RAW DATA –
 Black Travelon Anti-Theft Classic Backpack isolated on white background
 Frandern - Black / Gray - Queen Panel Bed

...

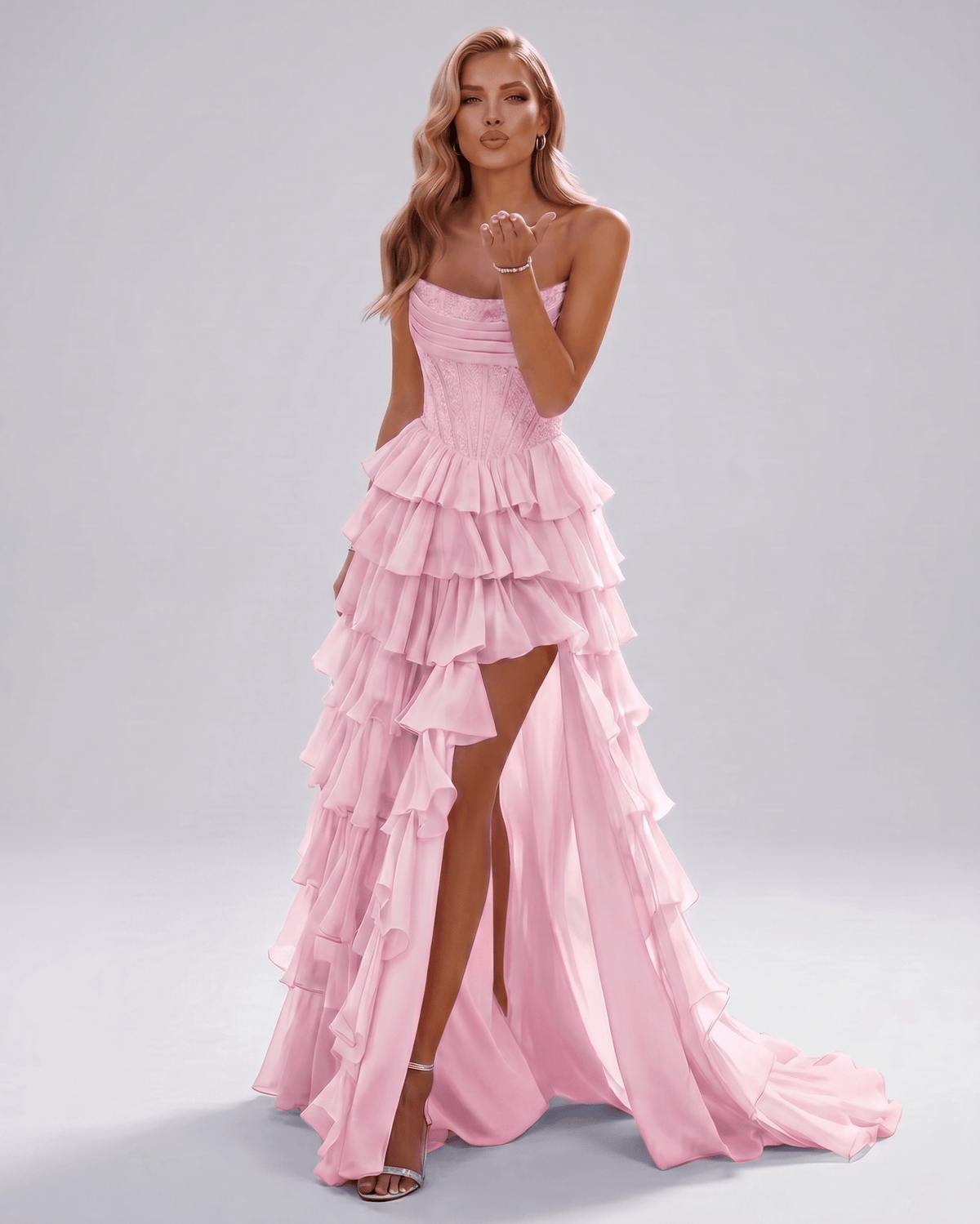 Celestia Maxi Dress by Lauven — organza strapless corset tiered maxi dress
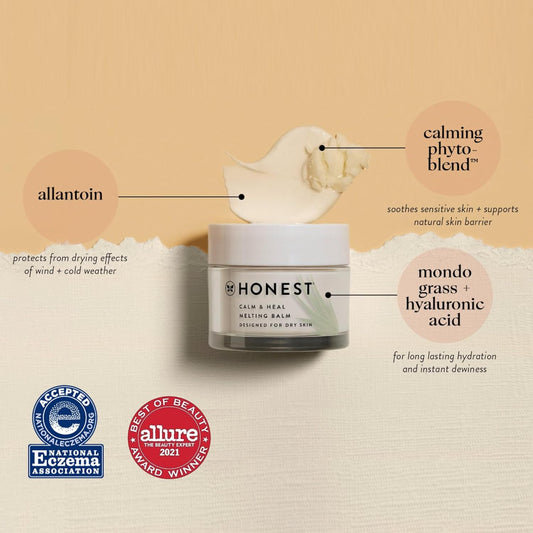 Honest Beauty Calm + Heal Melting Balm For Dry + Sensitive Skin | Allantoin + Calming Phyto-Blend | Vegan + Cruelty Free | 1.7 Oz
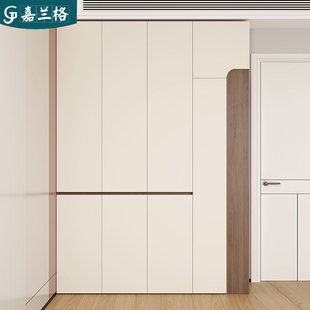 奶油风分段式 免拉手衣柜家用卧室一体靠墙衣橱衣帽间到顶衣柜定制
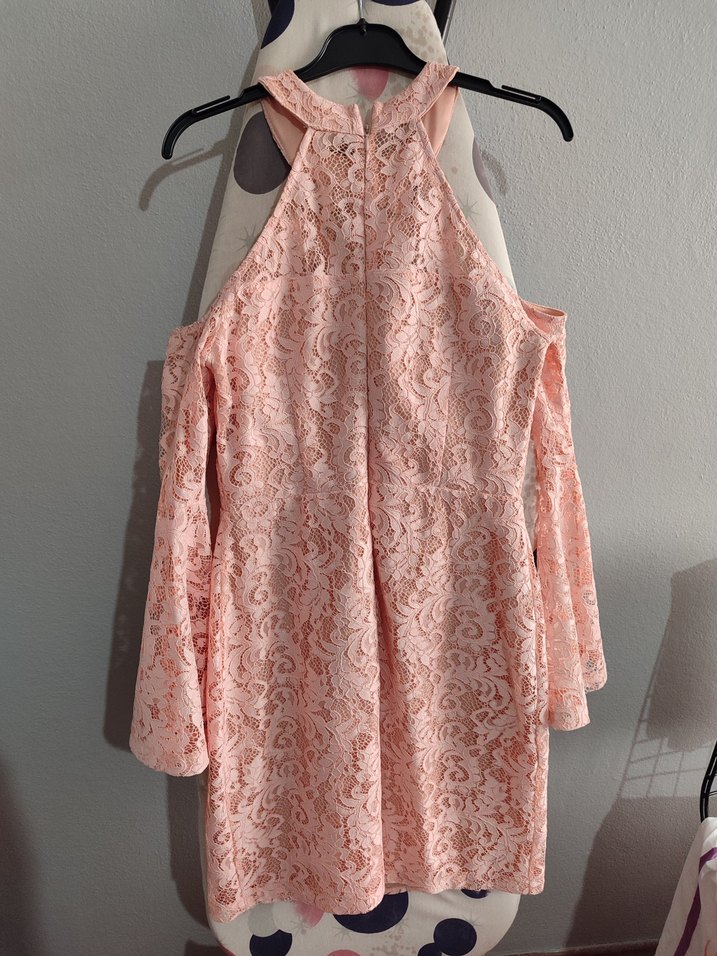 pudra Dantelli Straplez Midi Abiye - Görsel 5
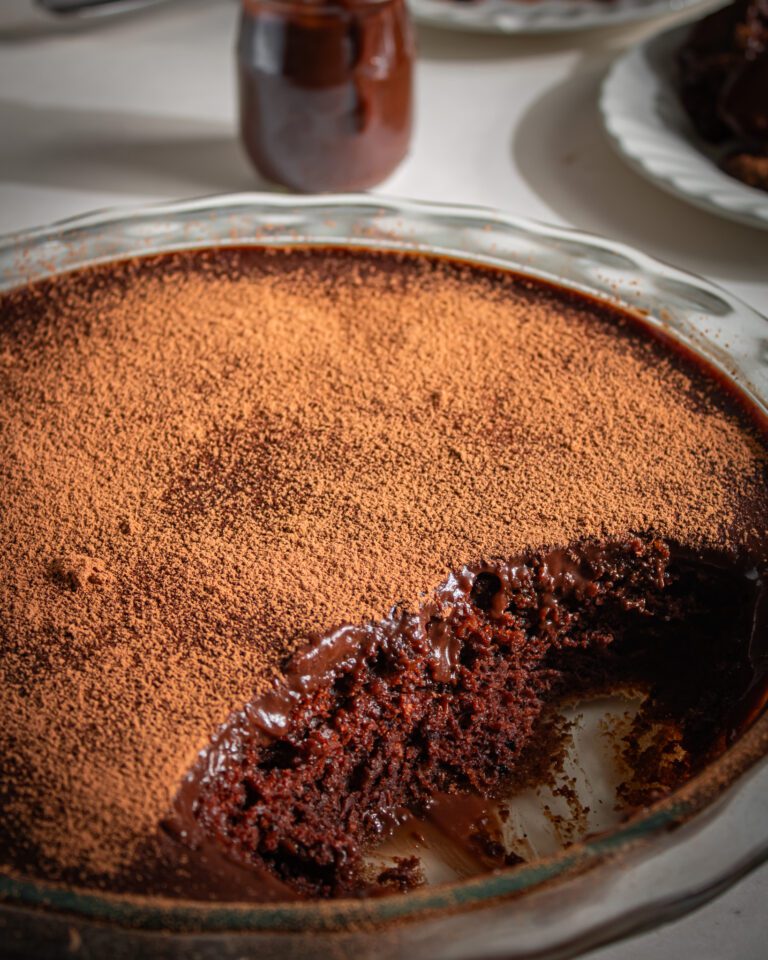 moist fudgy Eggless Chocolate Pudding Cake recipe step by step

WORK ITEM – All of the lines above that carry the string "Black" need to be found and copied.

TASK OUTPUT –
 Black Travelon Anti-Theft Classic Backpack isolated on white background
 Frandern - Black / Gray - Queen Panel Bed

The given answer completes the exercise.